Well-known remote viewer Paul H. Smith has announced the passing of a (perhaps *the*) pioneer in the field, Ingo Swann, aged 79. A double degree graduate from Westminster College in Utah (in biology and art), Swann also served time in Korea in the U.S Army, before later pursuing a career in art and becoming involved with research into anomalous powers of the human mind:
Swann’s active participation in parapsychology research began in 1969 when he was 36 years old. During the next twenty years he worked only in controlled laboratory settings with scientific researchers. Although he lectured widely on the importance of psychic faculties and potentials, he has never publicly demonstrated his abilities. Because of his participation in hundreds of thousands of experimental trials, author Martin Ebon wrote of him as “parapsychology’s most tested guinea pig,” and Psychic News and other media often refer to him as “the scientific psychic.”
…In 1970-71 Swann experimented with Cleve Backster in attempting to influence plants by mental activity. In 1971-72 psychokinetic experiments involved successfully influencing temperature recorded in a controlled setting devised by parapsychologists Gertrude Schmeidler and Larry Lewis at City College, New York. this involved PK effects upon target thermistors (temperature measuring devices) in insulted thermos bottles at a distance of 25 feet from Swann…
Swann was also the subject of experiments in out-of-body travel, or psychic perception at a distance. These took place during 1971-73 at the American Society for Psychical Research. They involved Swann sitting in a chair and attempting to project his consciousness into sealed boxes on a small platform several feet above his head, in which there was a target symbol completely shielded from view. Swann was monitored by electrodes that would have recorded any movement from the chair.

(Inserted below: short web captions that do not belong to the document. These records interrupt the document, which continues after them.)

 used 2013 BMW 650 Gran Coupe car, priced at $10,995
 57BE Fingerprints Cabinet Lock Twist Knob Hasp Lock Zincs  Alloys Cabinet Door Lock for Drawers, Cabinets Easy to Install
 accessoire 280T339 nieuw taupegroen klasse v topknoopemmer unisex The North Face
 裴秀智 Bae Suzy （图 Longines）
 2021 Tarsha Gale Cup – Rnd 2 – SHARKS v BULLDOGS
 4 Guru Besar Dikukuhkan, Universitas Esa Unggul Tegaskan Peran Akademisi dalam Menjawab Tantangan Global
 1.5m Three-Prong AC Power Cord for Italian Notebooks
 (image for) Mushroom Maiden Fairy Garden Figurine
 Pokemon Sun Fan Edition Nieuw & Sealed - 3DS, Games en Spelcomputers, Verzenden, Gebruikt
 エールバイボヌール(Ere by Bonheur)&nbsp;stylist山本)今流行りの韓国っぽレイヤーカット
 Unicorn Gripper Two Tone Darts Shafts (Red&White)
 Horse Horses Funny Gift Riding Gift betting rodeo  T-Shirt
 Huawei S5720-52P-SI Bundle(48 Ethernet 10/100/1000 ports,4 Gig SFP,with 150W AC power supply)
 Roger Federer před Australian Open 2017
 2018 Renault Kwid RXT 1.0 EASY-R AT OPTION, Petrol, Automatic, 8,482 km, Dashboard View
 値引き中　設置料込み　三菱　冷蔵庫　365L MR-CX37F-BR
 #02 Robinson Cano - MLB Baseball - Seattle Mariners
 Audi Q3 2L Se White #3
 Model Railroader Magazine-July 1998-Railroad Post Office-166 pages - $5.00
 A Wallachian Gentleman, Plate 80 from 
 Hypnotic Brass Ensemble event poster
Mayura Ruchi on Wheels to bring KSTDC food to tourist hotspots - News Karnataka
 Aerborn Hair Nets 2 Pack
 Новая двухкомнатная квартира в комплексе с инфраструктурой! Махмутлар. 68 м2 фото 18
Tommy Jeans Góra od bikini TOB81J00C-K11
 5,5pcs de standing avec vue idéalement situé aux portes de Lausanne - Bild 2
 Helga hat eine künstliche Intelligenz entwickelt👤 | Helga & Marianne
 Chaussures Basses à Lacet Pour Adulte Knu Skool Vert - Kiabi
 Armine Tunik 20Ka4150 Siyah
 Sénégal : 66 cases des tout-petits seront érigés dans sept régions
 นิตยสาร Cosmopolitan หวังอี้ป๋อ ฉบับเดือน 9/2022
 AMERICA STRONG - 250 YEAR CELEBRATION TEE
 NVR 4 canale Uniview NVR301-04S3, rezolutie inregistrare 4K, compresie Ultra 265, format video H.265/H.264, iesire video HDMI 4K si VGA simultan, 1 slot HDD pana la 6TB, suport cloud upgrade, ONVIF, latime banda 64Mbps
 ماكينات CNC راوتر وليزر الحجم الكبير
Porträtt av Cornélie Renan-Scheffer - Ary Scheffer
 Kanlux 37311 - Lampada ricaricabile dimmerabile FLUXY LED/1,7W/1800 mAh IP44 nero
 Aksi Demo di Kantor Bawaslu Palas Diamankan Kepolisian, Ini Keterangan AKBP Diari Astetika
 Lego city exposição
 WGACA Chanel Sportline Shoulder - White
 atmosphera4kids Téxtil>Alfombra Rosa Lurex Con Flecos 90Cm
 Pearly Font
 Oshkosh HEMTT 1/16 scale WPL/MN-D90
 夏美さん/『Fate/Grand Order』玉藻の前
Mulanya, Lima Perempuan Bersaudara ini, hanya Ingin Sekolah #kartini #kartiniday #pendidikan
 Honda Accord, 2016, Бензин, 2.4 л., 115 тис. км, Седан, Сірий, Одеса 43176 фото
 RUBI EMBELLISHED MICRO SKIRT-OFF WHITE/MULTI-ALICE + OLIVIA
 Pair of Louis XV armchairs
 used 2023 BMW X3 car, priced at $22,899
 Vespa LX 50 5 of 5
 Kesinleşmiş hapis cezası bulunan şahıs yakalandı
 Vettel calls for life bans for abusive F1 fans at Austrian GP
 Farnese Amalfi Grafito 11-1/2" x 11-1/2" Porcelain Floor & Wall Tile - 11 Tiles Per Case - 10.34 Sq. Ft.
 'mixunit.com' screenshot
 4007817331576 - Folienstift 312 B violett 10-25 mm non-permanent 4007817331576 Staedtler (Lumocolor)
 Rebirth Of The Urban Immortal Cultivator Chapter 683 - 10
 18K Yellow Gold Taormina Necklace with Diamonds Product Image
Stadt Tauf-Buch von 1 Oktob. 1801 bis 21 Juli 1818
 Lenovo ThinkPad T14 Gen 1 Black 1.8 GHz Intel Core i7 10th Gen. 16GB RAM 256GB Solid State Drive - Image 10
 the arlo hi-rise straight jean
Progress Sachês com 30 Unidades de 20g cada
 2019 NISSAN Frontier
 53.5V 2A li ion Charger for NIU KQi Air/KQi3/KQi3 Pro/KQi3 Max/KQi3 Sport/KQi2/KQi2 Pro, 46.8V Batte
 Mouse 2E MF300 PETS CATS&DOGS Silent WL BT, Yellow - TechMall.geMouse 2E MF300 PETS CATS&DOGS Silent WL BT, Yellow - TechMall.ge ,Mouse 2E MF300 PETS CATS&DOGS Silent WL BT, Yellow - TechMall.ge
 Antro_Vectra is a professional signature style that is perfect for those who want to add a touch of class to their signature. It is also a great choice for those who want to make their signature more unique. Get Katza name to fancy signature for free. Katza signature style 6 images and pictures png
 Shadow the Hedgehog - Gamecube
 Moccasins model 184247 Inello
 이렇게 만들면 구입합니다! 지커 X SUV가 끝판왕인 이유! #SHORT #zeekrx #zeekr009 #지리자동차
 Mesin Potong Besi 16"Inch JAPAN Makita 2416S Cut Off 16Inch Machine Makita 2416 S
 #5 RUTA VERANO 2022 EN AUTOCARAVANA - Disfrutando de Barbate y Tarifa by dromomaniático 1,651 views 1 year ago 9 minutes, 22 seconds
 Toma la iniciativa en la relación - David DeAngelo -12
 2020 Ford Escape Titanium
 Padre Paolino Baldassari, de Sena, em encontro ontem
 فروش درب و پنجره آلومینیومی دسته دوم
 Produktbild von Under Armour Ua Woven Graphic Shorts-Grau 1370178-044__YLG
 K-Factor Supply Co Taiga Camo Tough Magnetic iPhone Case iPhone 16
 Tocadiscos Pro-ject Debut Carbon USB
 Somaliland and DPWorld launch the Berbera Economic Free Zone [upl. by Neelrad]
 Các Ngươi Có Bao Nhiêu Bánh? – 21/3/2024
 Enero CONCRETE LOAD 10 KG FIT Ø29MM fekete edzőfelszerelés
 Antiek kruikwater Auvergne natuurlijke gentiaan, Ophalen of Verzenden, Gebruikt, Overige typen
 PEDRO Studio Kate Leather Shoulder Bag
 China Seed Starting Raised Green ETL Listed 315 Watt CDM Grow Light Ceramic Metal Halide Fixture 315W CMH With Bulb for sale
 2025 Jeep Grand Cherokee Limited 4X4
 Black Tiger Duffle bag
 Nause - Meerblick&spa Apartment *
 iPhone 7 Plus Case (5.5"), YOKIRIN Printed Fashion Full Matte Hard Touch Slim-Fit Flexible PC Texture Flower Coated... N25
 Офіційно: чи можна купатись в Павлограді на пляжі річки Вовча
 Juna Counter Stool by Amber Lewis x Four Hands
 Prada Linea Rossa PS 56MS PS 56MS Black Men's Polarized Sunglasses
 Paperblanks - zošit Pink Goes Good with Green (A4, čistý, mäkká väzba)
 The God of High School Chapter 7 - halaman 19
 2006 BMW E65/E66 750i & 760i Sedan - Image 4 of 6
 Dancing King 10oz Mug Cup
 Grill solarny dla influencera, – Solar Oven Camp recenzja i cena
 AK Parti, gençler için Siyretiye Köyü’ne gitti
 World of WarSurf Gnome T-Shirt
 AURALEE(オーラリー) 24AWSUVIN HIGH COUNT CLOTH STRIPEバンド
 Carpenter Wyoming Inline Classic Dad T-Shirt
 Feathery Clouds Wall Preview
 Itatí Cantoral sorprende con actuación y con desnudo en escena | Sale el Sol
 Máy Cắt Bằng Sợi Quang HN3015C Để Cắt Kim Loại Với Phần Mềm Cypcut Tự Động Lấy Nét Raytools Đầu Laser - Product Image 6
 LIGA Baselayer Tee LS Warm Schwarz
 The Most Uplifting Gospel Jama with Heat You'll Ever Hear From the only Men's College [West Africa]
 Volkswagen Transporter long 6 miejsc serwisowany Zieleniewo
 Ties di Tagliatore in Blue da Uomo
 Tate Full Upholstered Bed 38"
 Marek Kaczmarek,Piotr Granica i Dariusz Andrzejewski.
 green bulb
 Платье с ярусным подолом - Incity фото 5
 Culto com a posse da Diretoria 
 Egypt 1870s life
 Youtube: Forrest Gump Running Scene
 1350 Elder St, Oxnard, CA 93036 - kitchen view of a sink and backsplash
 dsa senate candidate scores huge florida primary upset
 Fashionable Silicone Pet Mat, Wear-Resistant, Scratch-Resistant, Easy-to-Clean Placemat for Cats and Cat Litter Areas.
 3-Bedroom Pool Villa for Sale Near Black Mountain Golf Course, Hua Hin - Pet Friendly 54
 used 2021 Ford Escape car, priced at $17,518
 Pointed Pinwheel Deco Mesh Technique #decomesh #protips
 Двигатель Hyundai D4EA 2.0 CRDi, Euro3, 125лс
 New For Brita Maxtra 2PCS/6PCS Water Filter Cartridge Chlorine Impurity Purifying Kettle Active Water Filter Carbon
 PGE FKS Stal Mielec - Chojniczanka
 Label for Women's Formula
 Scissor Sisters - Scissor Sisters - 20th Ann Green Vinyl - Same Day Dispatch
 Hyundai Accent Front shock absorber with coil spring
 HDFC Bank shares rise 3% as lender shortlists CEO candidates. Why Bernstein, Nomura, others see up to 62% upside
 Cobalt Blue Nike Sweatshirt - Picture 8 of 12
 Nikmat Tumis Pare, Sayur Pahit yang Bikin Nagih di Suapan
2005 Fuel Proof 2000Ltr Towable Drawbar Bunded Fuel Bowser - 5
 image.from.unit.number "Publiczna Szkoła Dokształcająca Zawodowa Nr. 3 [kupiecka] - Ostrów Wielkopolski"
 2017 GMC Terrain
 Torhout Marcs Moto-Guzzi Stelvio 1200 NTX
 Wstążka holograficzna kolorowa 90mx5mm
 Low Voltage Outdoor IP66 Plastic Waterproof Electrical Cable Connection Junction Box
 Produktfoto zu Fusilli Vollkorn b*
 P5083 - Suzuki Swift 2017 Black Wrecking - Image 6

Under these difficult laboratory conditions, Swann nevertheless scored significant successes in describing the targets. In one test he was actually able to state correctly that a light that should have illuminated the target was inoperative. There was no normal way of ascertaining this fact without opening the box.
In 1972-73, at the American Society for Psychical Research, Swann began suggesting experimental protocols to test for the existence of mind-dynamic processes that would enhance ESP and Dr. Gertrude Schmeidler, he coined the term “remote viewing” to describe the experiments in which subjects attempted to view targets at a far distance. His original remote-viewing protocols were later utilized and expanded upon in collaboration with the researchers Dr. H.E. Puthoff and Russell Targ. Other laboratories ultimately repeated various kinds of remote-viewing experiments.
…Even in his retirement, Ingo Swann maintained an interest in the progress of our understanding of human mental functioning, and was an avid observer not only of the human condition itself, but of the inroads being made to discover the full potential of the mind. At the time of his death, on February 1, 2013, Ingo was well along in the process of creating a new book featuring his marvelous art work.